Quatre robots fonctionnent sur l'aire géographique du laguiole et l'ODG a créé une commission spéciale chargée d'évaluer ces traites automatisées. Le premier point, le plus important, est l'adaptation stricte aux 120 jours de pâturage obligatoires (l'affouragement en vert est interdit et pendant cette période, les apports de fourrages complémentaires ne doivent pas dépasser 3 kg de MS par jour). La question de la lipolyse et, plus généralement, de la qualité du lait est aussi sous surveillance. « Si l'éleveur maîtrise son robot et respecte des intervalles de traites suffisants, il n'y a pas de dérapage. Donc, il faudra être capable d'identifier qui est apte, ou pas, à maîtriser cette nouvelle technologie et certainement imposer un nombre de vaches par stalle. Enfin, nous échangeons beaucoup avec les constructeurs sur l'adaptation de l'outil et sur les conditions de son installation dans l'élevage », ajoute Christian Miquel, animateur de l'ODG.
Toute cette vigilance doit permettre à la commission d'aboutir prochainement à un cahier des charges destiné à l'utilisation du robot dans l'AOP. « Nous sommes encore dans une phase d'observation. Car nous ne prendrons aucun risque pour la qualité de notre lait cru, donc de nos fromages. L'ODG a montré par le passé qu'elle était capable de remise en cause forte. Rappelons les 2 000 prim'holsteins balayées d'un seul coup, pour une race plus en adéquation avec notre produit. Nous aurons la même exigence avec le robot », avertit André Valadier.
UNE RÉFLEXION QUI ARRIVE SUR LE PLATEAU DU CAMEMBERT DE NORMANDIE
À la révision du cahier des charges il y a près de dix ans, le camembert de Normandie et ses cousins, le pont-l'évêque et le livarot, ont fixé des règles sur la race normande et les prairies, mais pas sur la traite, qu'elle soit robotisée ou non. L'exigence de 25 ares/vache de prairies pâturables et six mois de pâturage obligatoires ont semblé des garde-fous suffisants, non pas au robot mais à l'agrandissement trop important des troupeaux. Il peut mettre à mal le lait cru de l'AOP camembert et d'une partie du pont-l'évêque, ainsi que le lien au terroir via le pâturage.

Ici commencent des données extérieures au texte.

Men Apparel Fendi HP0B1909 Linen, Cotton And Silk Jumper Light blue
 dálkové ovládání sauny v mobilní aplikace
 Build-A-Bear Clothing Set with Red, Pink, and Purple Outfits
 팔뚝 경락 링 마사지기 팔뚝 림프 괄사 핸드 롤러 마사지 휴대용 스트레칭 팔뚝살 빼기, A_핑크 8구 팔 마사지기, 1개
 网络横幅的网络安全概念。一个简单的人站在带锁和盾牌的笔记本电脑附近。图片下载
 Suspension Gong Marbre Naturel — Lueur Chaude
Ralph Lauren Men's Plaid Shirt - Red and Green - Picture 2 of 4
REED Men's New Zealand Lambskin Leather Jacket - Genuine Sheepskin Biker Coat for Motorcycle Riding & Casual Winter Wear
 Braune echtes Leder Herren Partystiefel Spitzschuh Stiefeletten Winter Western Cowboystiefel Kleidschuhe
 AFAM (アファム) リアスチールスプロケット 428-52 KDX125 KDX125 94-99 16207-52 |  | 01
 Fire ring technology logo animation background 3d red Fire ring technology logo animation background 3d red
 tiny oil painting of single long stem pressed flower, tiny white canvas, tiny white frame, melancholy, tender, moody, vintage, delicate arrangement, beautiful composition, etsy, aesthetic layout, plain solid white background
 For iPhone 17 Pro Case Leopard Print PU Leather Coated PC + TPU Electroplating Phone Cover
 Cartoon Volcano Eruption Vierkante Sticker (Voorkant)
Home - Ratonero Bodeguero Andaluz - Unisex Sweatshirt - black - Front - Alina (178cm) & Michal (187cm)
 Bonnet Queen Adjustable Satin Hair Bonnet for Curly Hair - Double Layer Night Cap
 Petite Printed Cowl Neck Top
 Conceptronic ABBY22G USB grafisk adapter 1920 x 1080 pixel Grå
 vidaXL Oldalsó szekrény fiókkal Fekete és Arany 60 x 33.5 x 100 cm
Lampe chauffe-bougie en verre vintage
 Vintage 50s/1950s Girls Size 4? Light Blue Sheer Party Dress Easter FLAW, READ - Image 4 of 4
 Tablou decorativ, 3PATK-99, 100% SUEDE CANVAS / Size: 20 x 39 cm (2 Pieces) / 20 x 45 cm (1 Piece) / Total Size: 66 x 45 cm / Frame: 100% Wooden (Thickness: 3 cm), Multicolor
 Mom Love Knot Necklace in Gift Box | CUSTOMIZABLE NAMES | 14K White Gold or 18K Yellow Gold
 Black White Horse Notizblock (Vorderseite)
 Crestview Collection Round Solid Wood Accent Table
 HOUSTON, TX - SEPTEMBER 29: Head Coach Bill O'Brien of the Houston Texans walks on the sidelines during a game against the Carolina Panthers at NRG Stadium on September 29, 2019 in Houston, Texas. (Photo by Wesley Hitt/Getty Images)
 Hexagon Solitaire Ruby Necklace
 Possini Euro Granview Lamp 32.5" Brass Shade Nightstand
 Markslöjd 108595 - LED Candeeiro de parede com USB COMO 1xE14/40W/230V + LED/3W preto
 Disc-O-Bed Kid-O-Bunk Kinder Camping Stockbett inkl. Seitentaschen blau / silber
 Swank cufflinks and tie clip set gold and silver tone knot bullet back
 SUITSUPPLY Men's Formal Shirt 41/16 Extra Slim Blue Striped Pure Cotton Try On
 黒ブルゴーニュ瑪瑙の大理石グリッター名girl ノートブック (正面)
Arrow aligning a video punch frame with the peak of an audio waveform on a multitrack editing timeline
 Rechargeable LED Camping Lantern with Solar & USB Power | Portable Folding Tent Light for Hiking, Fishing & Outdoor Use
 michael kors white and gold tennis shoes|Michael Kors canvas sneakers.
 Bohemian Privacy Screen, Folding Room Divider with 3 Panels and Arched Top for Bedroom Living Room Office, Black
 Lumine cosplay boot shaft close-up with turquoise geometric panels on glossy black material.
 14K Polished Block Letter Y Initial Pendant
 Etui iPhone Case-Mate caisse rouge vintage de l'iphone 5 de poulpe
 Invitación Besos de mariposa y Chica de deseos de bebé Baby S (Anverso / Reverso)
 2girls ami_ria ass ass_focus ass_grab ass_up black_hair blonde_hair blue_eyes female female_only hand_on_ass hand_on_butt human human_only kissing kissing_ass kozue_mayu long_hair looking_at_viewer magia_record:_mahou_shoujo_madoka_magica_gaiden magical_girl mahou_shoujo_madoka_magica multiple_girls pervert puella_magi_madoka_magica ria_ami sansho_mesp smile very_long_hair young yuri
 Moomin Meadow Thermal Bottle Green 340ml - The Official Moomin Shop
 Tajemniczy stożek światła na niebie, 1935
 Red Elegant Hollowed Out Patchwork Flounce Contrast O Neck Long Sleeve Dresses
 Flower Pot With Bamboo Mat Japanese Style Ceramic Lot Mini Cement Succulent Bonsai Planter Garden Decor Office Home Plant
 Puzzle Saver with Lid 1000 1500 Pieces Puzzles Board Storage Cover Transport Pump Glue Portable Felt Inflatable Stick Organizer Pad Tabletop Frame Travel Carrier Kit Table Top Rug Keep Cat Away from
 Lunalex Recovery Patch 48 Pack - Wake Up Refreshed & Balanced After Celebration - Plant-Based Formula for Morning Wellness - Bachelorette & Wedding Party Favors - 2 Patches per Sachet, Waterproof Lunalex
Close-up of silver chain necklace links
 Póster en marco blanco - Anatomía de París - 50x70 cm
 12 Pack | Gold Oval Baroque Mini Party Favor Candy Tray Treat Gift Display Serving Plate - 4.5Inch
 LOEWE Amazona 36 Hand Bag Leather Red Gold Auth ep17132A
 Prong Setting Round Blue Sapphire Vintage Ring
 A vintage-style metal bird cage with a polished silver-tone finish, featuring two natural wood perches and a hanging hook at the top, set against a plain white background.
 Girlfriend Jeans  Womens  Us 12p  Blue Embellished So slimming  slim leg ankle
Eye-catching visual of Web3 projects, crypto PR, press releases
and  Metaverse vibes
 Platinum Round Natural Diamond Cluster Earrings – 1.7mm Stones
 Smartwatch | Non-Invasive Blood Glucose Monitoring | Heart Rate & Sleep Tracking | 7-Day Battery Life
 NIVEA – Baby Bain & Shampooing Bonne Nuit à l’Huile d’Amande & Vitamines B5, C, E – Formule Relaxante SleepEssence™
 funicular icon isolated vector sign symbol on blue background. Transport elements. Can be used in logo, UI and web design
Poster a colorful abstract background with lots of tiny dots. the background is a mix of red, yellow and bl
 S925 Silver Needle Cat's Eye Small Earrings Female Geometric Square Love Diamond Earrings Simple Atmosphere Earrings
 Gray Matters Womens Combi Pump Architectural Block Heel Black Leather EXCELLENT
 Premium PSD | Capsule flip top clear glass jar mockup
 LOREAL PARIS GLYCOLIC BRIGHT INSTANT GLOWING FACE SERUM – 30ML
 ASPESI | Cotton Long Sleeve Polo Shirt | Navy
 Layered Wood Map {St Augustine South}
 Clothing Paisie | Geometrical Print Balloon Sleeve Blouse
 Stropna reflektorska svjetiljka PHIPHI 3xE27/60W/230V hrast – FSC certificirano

Depuis, les robots se sont installés dans le bocage bas-normand. Gillot, le leader de l'AOP camembert, en compte huit à dix sur les 96 livreurs. « Les résultats sanitaires sont similaires à une traite classique, mais cela demande un accompagnement important. » Occupée par la normandisation des troupeaux d'ici à 2017 et la sortie d'éleveurs qui en découle, la structure commune aux trois appellations commence tout juste à aborder le sujet. L'idée serait de définir de nouveaux critères pour le contrôle officiel des producteurs. « Dans certains cas, il y a un doute sur le respect des règles de pâturage, avance Charles Deparis, le président. Un critère pourrait être la tenue d'un calendrier de pâturage. »
C'est ce qui devrait être fait pour les contrôles internes qui ont un objectif pédagogique. « Ce débat pourrait arriver par un autre biais : le contrat-cadre entreprise-organisation de producteurs. » Celui entre Gillot et l'OP fixe un plafond de 6 500 l/ha de SFP. Ils réfléchissent à aller plus loin.